____ Material provided

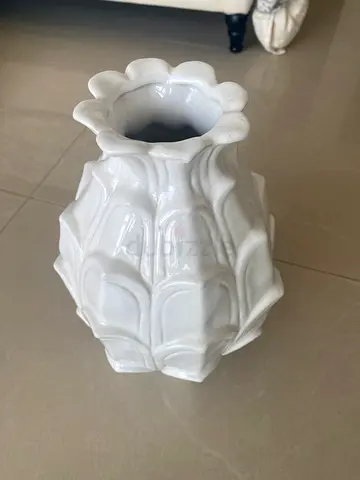 White ceramin vase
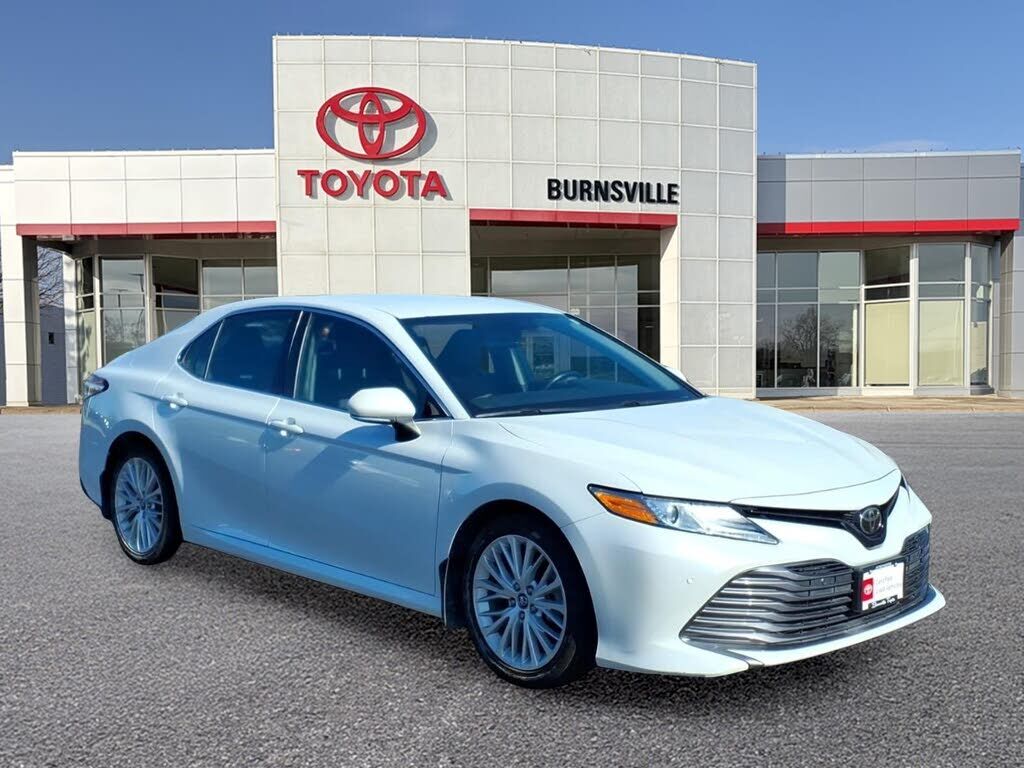 2018 TOYOTA Camry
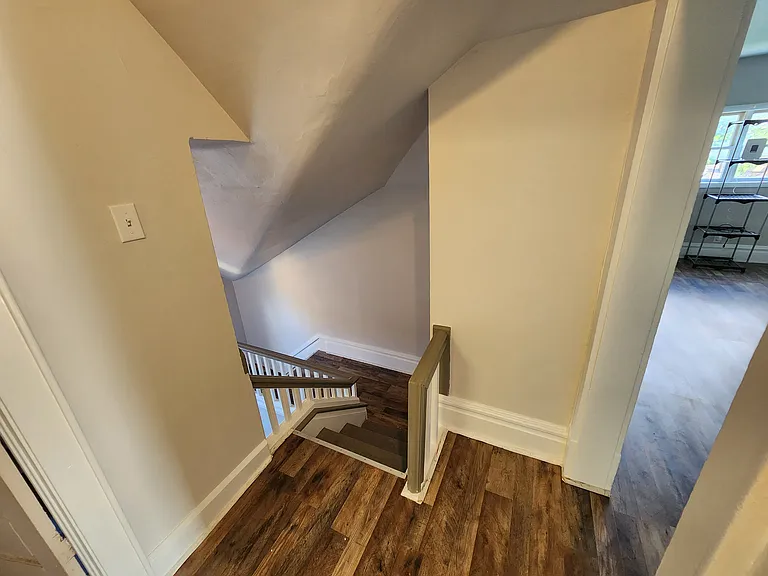 414 E Leasure Ave #4 — Photo 7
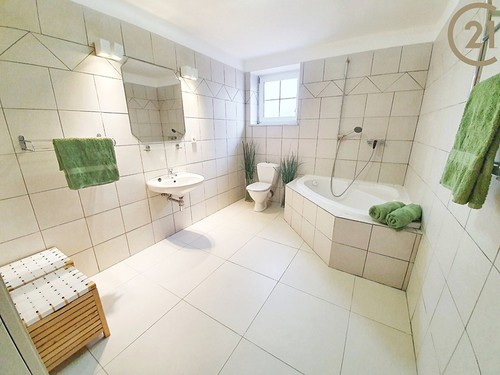 Prodaný dům 290 m², pozemek 444 m²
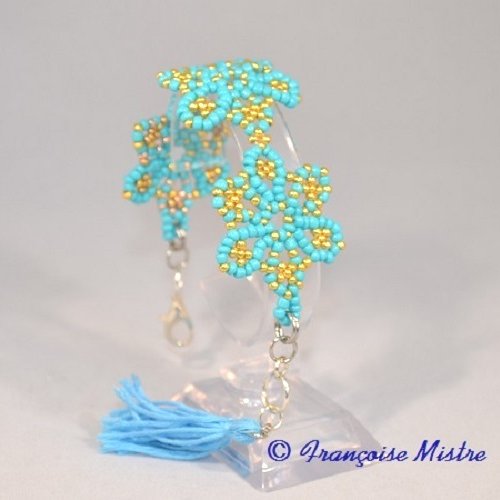 Ce bracelet fleurs bleues et breloques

________

**Exercise objective:** Return the material above in exact form. Pictures stay out.

**Solution below:**
 White ceramin vase
 2018 TOYOTA Camry
 414 E Leasure Ave #4 — Photo 7
 Prodaný dům 290 m², pozemek 444 m²
 Ce bracelet fleurs bleues et breloques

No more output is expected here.